Off-plan property buyers' rights in Abu Dhabi

Off-plan property buyers' rights in Abu Dhabi

Off-plan property in Abu Dhabi is, by design, one of the most heavily regulated purchases a buyer can make in the UAE.

That isn't accidental. The framework rests on Law No. 3 of 2015 Regulating the Real Estate Sector in the Emirate of Abu Dhabi, layered with Federal Law No. 5 of 1985 on Civil Transactions, and refreshed this year through a package of decisions issued by Abu Dhabi Real Estate Centre (ADREC)— Decision No. 24 of 2025 on escrow account controls, and Decision No. 26 on owners' committees. Read together, they give the off-plan buyer in Abu Dhabi a sharper set of protections than most realize they have.

Your money does not belong to the developer

The first protection is structural. Under Law No. 3 of 2015, every off-plan project in Abu Dhabi must operate through a project-specific escrow account supervised by ADREC. All purchaser instalments — and any project financing — flow into that account. The developer cannot withdraw from it until at least 20 percent of construction is complete, and even then, only against approved cost estimates.

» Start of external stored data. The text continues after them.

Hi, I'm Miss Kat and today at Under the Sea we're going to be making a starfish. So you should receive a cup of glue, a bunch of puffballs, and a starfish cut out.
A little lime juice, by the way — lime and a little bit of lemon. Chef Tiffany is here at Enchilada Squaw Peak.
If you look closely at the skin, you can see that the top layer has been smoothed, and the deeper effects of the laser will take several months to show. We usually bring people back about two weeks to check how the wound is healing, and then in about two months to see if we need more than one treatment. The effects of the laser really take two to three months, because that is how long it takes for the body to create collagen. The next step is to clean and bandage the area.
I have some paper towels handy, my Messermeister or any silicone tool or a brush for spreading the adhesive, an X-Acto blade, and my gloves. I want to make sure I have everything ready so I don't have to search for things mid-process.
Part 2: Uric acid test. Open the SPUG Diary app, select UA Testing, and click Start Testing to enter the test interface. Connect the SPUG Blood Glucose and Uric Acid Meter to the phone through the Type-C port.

Decision No. 24 of 2025 allows ADREC to approve early disbursement only where the developer has been licensed in Abu Dhabi for at least four years, has delivered three projects on time, and posts an unconditional bank guarantee of no less than 20 percent of total construction cost. Since February 2026, even Expressions of Interest — those early reservation deposits — must be lodged through ADREC's platform into a government-managed escrow account, with a digital refund process built in. Manchester City Yas Residences was the first project to use the system; others have followed.

The interim register: bought before built, recorded all the same

Buyers often assume they have no formal stake in a property until handover. In Abu Dhabi, that is wrong. Law No. 3 of 2015 requires every off-plan unit to be entered on the Interim Real Estate Register, which records the buyer's contractual interest in the property from the date of purchase. Once the project completes, that interim entry converts into a full title on the main land register at the relevant municipality.

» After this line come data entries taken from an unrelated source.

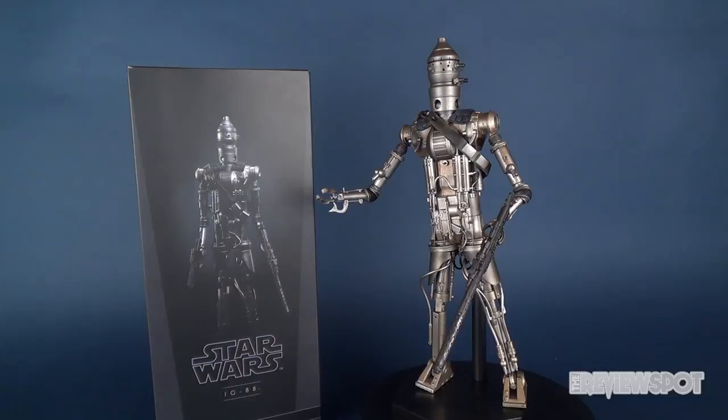Hey guys, in this spot we're going to be checking out the brand new Sideshow Collectibles Star Wars IG-88 6th Scale Figure.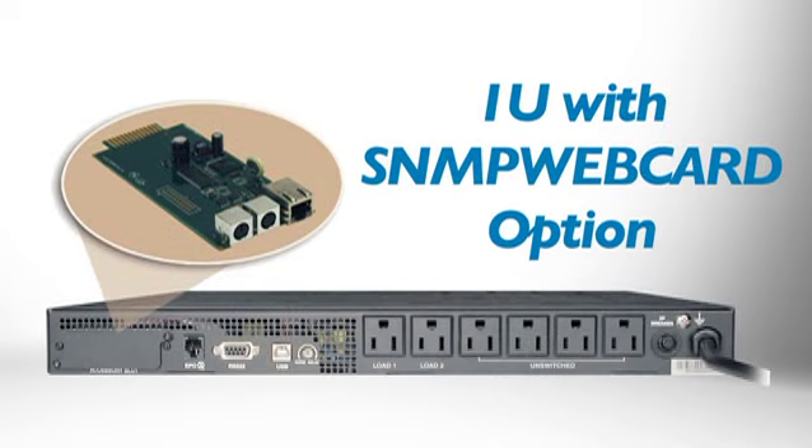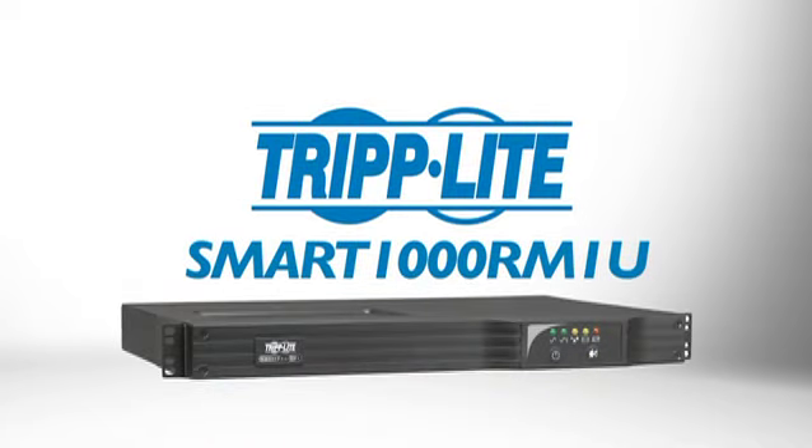The UPS only requires 1U of rack space, and it's easy to service with hot-swappable batteries. It also supports Tripp Lite's optional SNMP webcard to manage power and reboot devices over the network. If you need a cost-effective, network-grade UPS ideal for tight spaces, order Tripp Lite's Smart 1000 RM1U.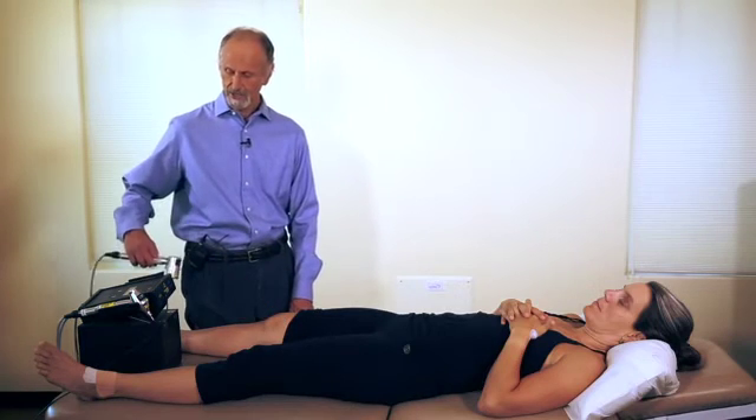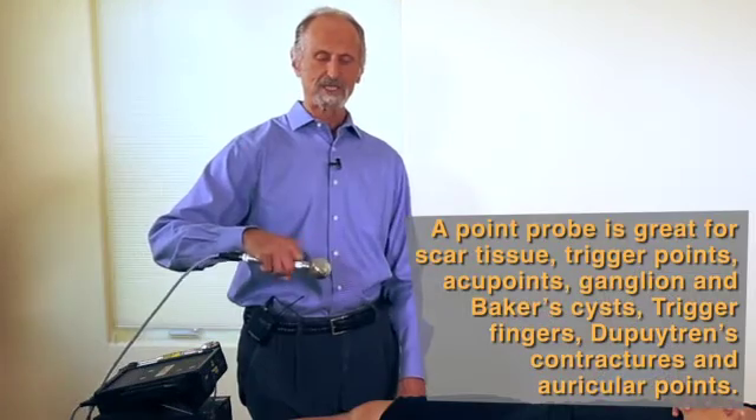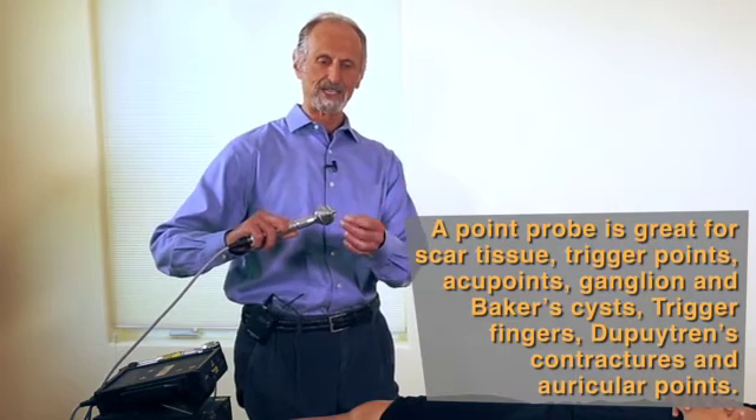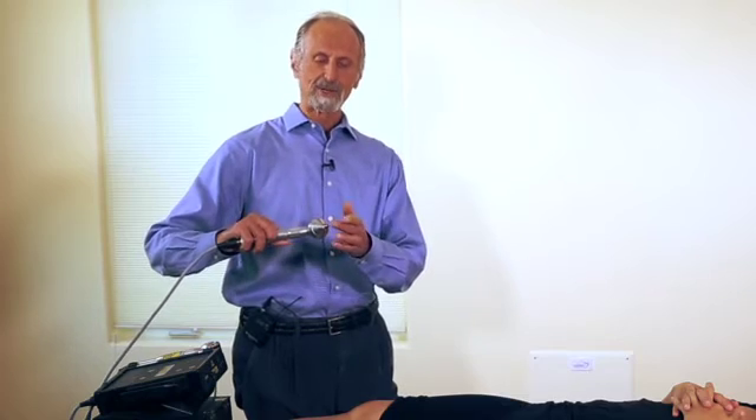The other thing you can do with a laser like this is use a point probe. This kind of laser is very powerful in terms of power density because you have a lot of power — like 500 to 700 milliwatts — in a very small area. That's great for things like ganglion cysts and Baker cysts, where you want to get very deep into the structure and break up scar tissue. That's what we call a point probe.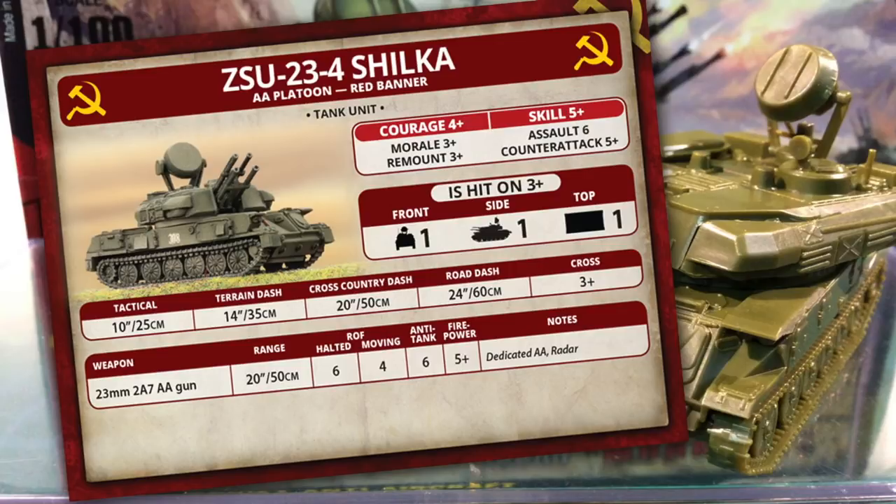Tactical move is 10 inches or 25 centimetres, with dash speeds from 14 inches through terrain up to 24 inches on the road. Cross is 3+ — two-thirds of the time they'll cross an obstacle. The only weapon stat line is for the 23mm 2A7 AA gun, which has a range of 20 inches or 50 centimetres against ground targets. The radar special rule gives the guns a 32-inch or 80 centimetre range against aircraft and helicopters, and you don't pay the plus-one range penalty when engaging targets over 16 inches. The rate of fire is 6 halted and 4 moving, and the dedicated AA special rule means you can engage air targets at your normal rate of fire.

Two consequences flow from that. The developer cannot quietly sell the same unit to a second buyer. And the buyer's interest is enforceable against third parties — not merely against the developer.

Delay has consequences — for them, not just you

Law No. 3 of 2015 gives ADREC the power to fine developers where a project is delayed more than six months beyond the anticipated completion date and the developer cannot offer an acceptable reason. The same law allows the regulator to cancel a stalled project entirely, or appoint a replacement developer to complete it using funds drawn from the escrow account.

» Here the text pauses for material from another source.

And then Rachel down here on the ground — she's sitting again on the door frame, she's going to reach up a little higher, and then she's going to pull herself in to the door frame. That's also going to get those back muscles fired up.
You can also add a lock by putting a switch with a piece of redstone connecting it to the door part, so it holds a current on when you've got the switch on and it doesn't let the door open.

The buyer's own levers are these. Where there is "substantial breach", material changes to specifications, or fundamental construction defects rendering the unit unusable, the buyer can terminate the sale and purchase agreement under the law. ADREC’s Unified SPAs allow the developer a grace period of twelve months past the anticipated completion date; once that grace runs out, the buyer can give notice they required their unit to be delivered. If it isn’t delivered within 120 days they can terminate the SPA.

Ten years on the hook

Off-plan protection does not end at handover. Law No. 3 of 2015 imposes a one-year general defects liability period on the developer, plus a ten-year liability for fundamental structural defects in the building. If the foundations crack or a load-bearing element fails inside that decade, the obligation to remedy it sits with the developer, not the owner. 5% is also kept in the escrow account to pay for any work done during the Defects Liability Period.

Outlook: a framework that keeps tightening

Abu Dhabi's off-plan regime has matured in deliberate steps — and the 2025 decisions are the most significant in a decade. Escrow controls are stricter, refund timelines are now codified, owners' committees are standardised, and ADREC now mediates a growing share of disputes that previously needed the courts. Fines for breaches reach AED 2 million.

The framework is not perfect, and no law will rescue a buyer from a badly drafted contract. But for those who do their due diligence — verify the developer's ADREC licence, confirm the escrow number, ensure the unit is registered on the Interim Real Estate Register, and read the SPA properly before signing — the protections in place are real, enforceable, and improving each year.